Exercise prompt:
Output every record word for word, minus the pictures.

Captioned web images:
---*---
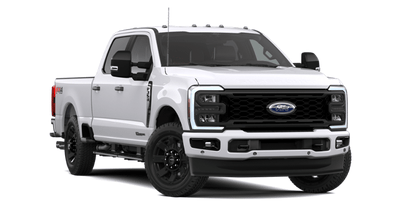 2026 Ford Super Duty F-350 SRW XL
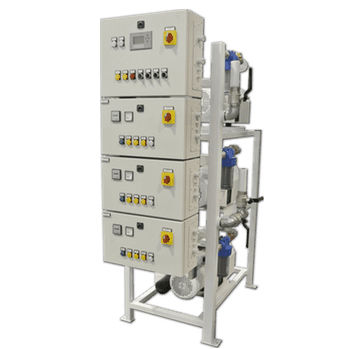 Lubricated vacuum system HTM 02-01laboratorymedical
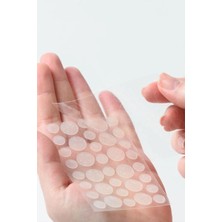 Madeca 21 Kore Clear Spot Cure Patch Pimple Şeffaf Bant x 24 Adet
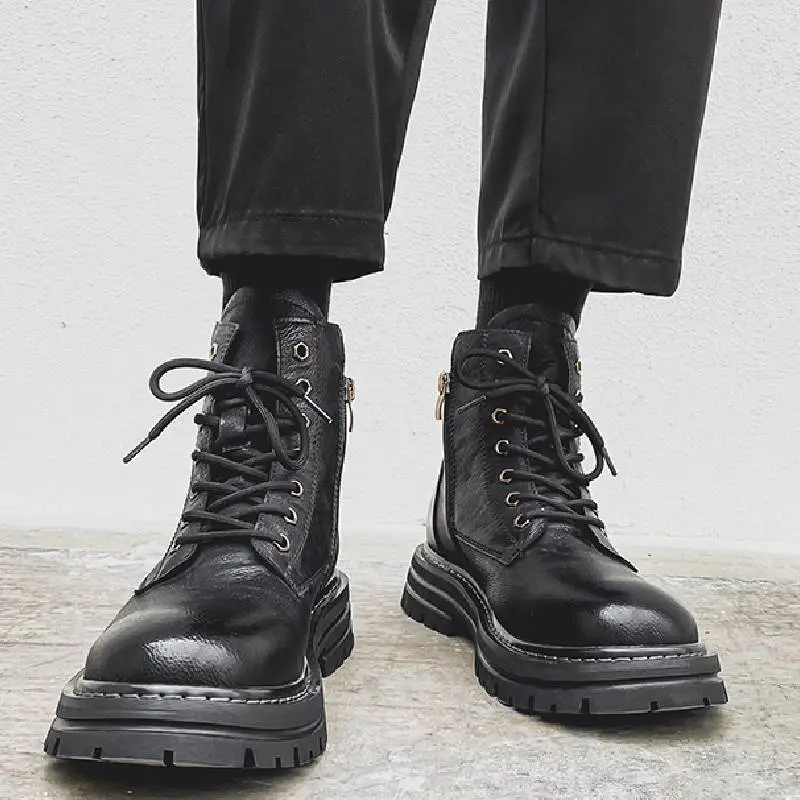 Fashionable Cool Martin Boot-2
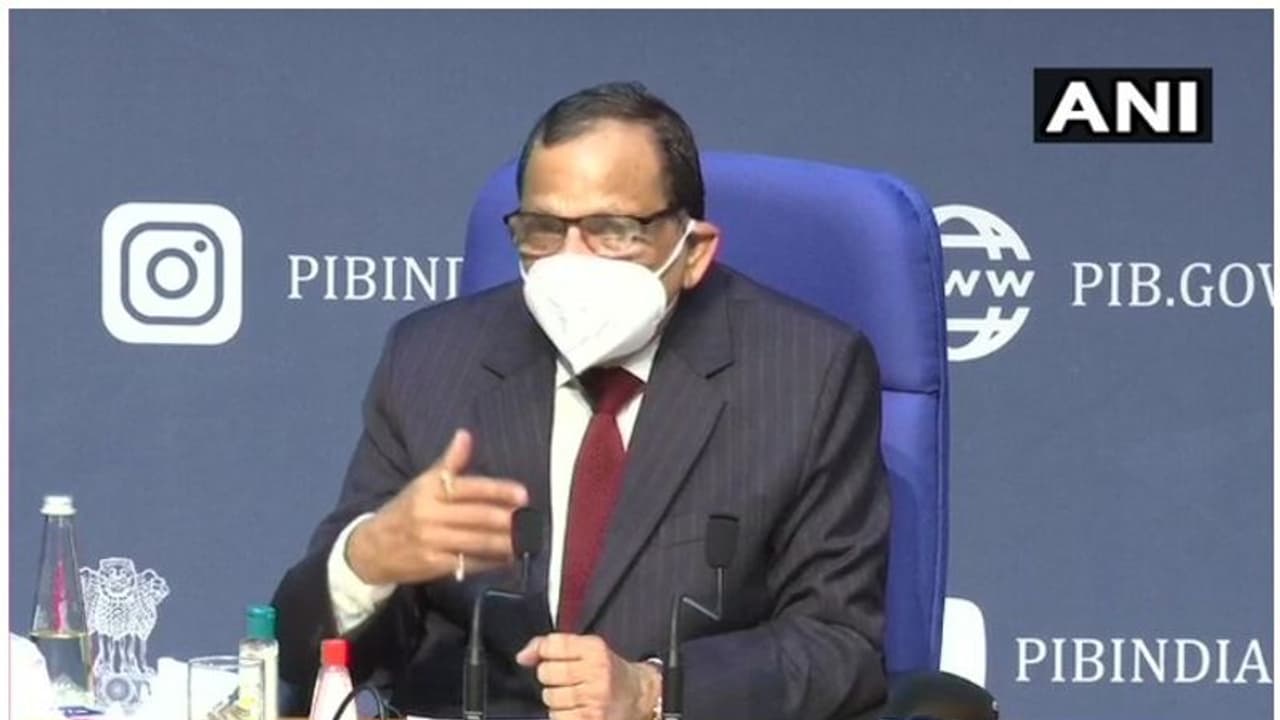 കൊവിഡ് വകഭേദം രാജ്യത്ത് ഇതുവരെ കണ്ടെത്തിയിട്ടില്ല; ആശങ്ക വേണ്ട, ജാഗ്രത മതിയെന്ന് ആരോഗ്യ മന്ത്രാലയം കൊവിഡ് വകഭേദം രാജ്യത്ത് ഇതുവരെ കണ്ടെത്തിയിട്ടില്ല; ആശങ്ക വേണ്ട, ജാഗ്രത മതിയെന്ന് ആരോഗ്യ മന്ത്രാലയം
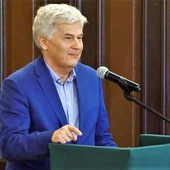 prof. dr hab. Zbigniew Stawrowski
---*---
Solution to this problem:
 2026 Ford Super Duty F-350 SRW XL
 Lubricated vacuum system HTM 02-01laboratorymedical
 Madeca 21 Kore Clear Spot Cure Patch Pimple Şeffaf Bant x 24 Adet
 Fashionable Cool Martin Boot-2
 കൊവിഡ് വകഭേദം രാജ്യത്ത് ഇതുവരെ കണ്ടെത്തിയിട്ടില്ല; ആശങ്ക വേണ്ട, ജാഗ്രത മതിയെന്ന് ആരോഗ്യ മന്ത്രാലയം കൊവിഡ് വകഭേദം രാജ്യത്ത് ഇതുവരെ കണ്ടെത്തിയിട്ടില്ല; ആശങ്ക വേണ്ട, ജാഗ്രത മതിയെന്ന് ആരോഗ്യ മന്ത്രാലയം
 prof. dr hab. Zbigniew Stawrowski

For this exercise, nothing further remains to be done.